:: AIM OF THE EXERCISE ::
With the exception of the pictures, transcribe the entire listing exactly.

:: INFORMATION PROVIDED ::
----

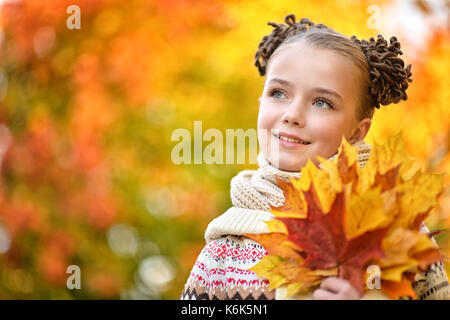 Portrait de pretty little girl resting in autumnal park Banque D'Images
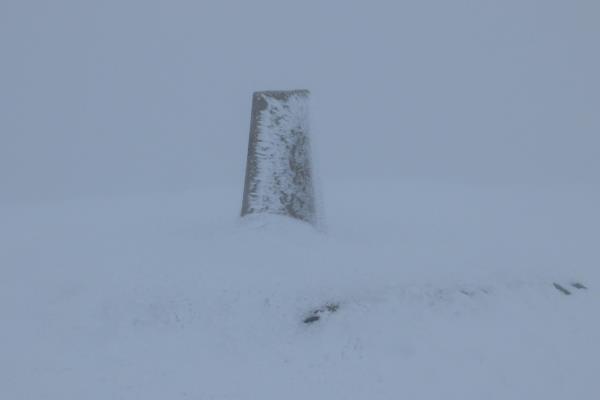 Photo of Snow up to base of summit triangulation pillar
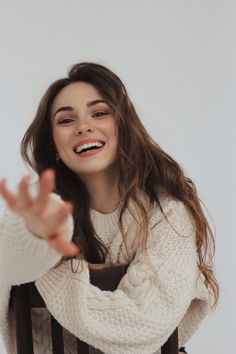 a smiling woman sitting in a chair with her hands out and looking up at the camera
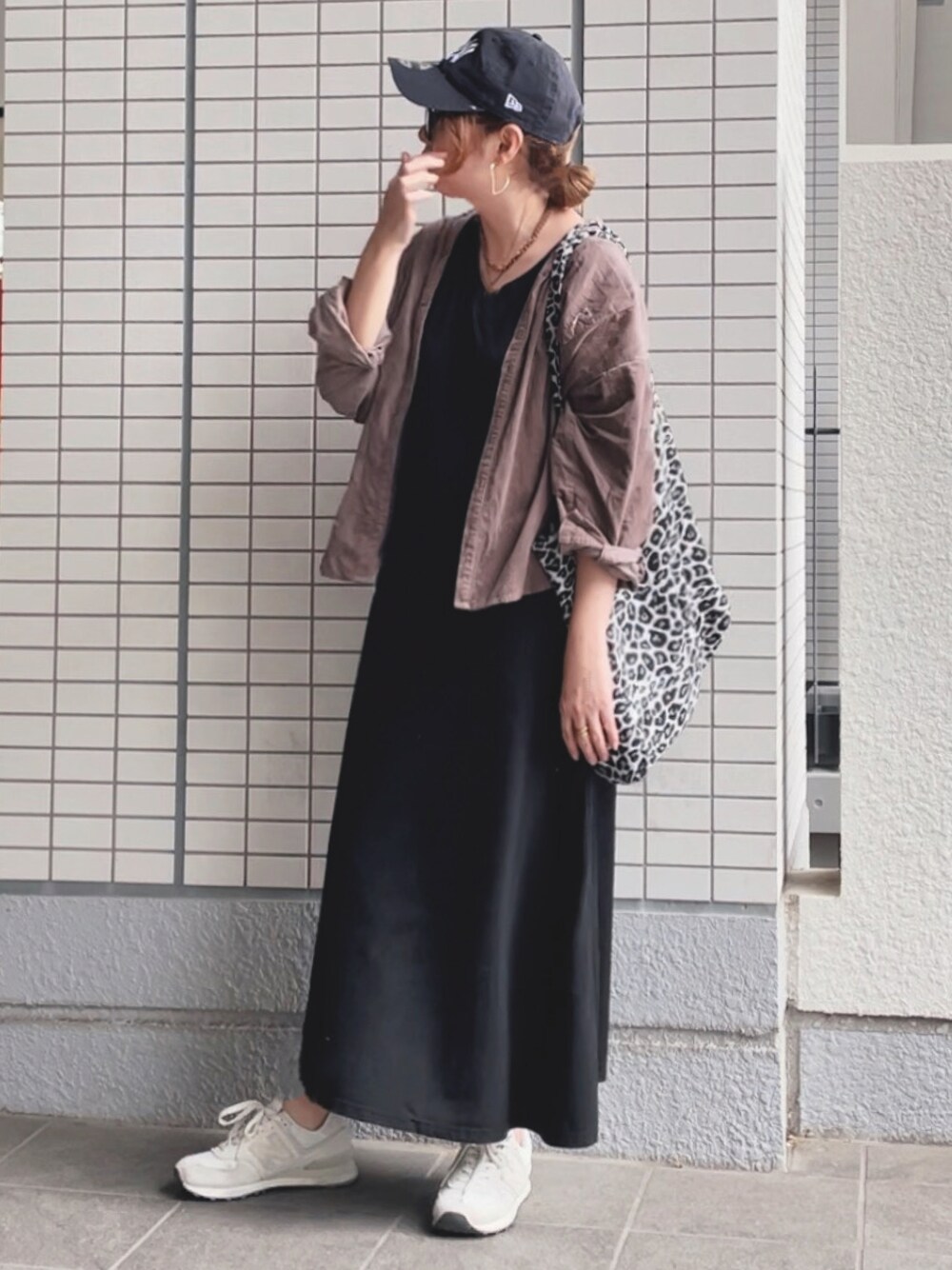 ブラック系のワンピース、ホワイト系のスニーカー、ブラック系のトートバッグを着用したレディースの秋コーディネートの1枚目の写真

----

:: RESPONSE BELOW ::
 Portrait de pretty little girl resting in autumnal park Banque D'Images
 Photo of Snow up to base of summit triangulation pillar
 a smiling woman sitting in a chair with her hands out and looking up at the camera
 ブラック系のワンピース、ホワイト系のスニーカー、ブラック系のトートバッグを着用したレディースの秋コーディネートの1枚目の写真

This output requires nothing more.